Everything in the entries below except the pictures must be returned exactly.

----

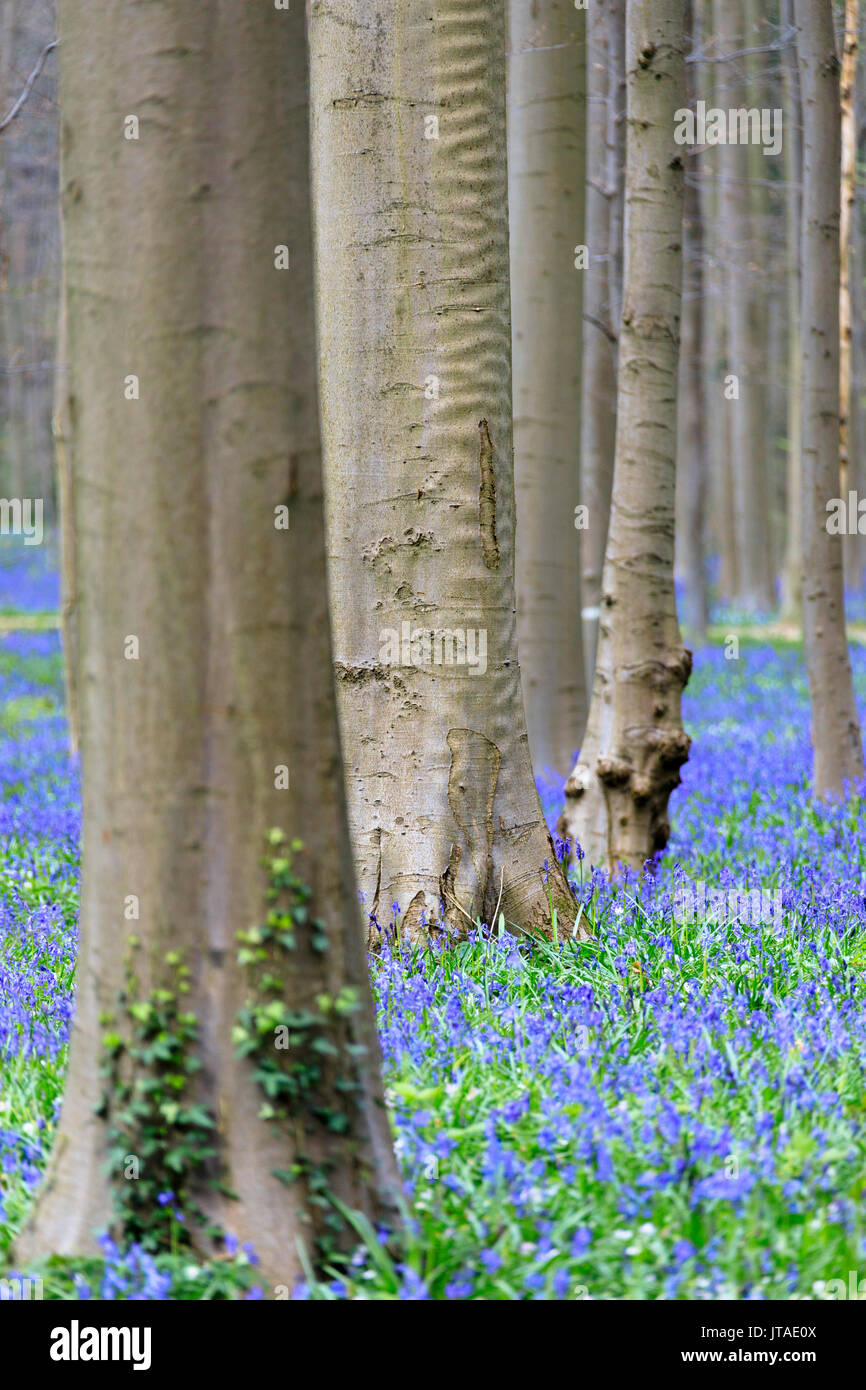 Purple carpet of blooming bluebells framed by trunks of the giant Sequoia trees in the Hallerbos forest, Halle, Belgium, Europe Stock Photo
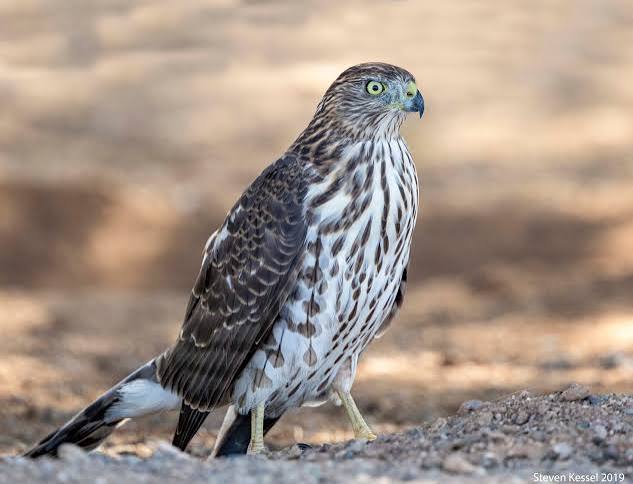 Cooper's Hawk — Juvenile – Sonoran Images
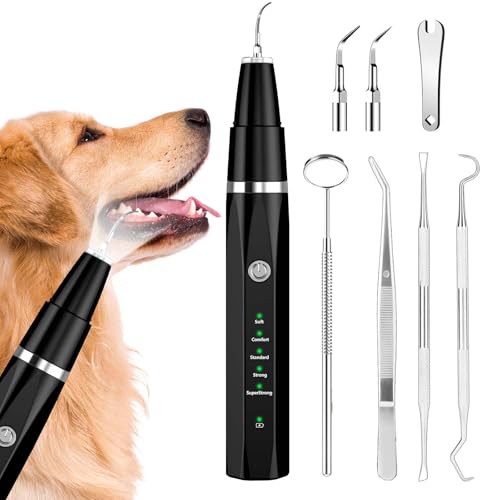Dog Teeth Cleaning Tools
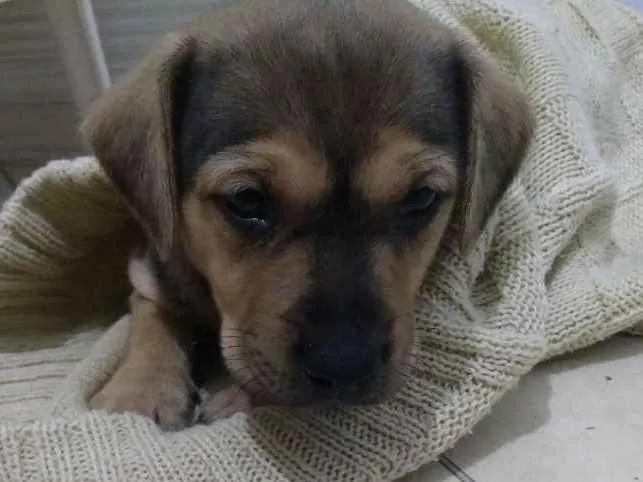 Cachorro ra a Não sei idade Abaixo de 2 meses nome Não sei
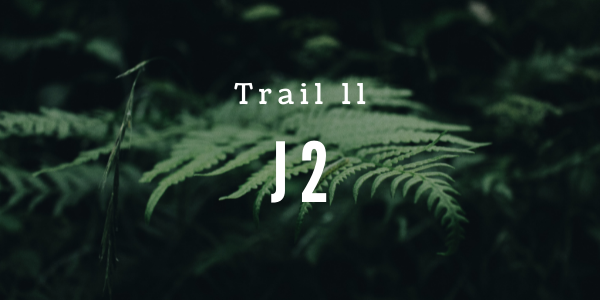 Trail 11 Foxtail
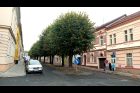 Louny, Jeronýmova ulice, lipové stromořadí chtějí místní zachránit
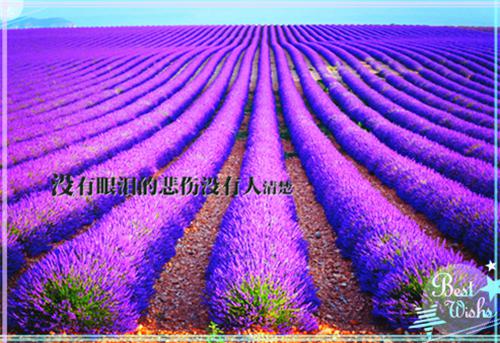 我傅崇舒菡什么关系 心动者偏差：后续知乎小说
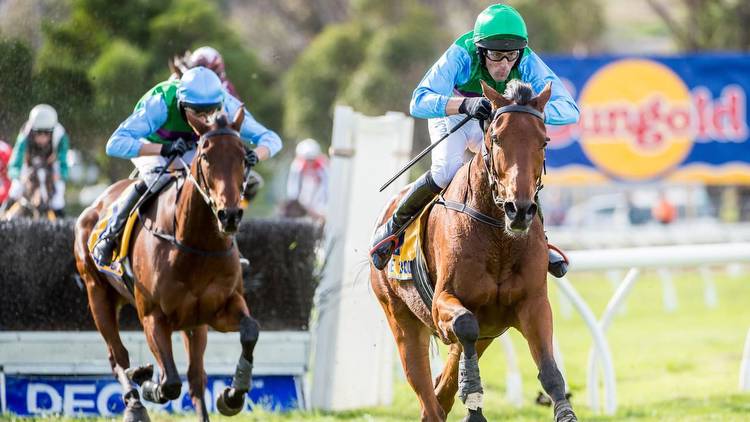 Steve Pateman ready for bumper week at Warrnambool carnival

----

**ANSWER SPACE:**
 Purple carpet of blooming bluebells framed by trunks of the giant Sequoia trees in the Hallerbos forest, Halle, Belgium, Europe Stock Photo
 Cooper's Hawk — Juvenile – Sonoran Images
Dog Teeth Cleaning Tools
 Cachorro ra a Não sei idade Abaixo de 2 meses nome Não sei
 Trail 11 Foxtail
 Louny, Jeronýmova ulice, lipové stromořadí chtějí místní zachránit
 我傅崇舒菡什么关系 心动者偏差：后续知乎小说
 Steve Pateman ready for bumper week at Warrnambool carnival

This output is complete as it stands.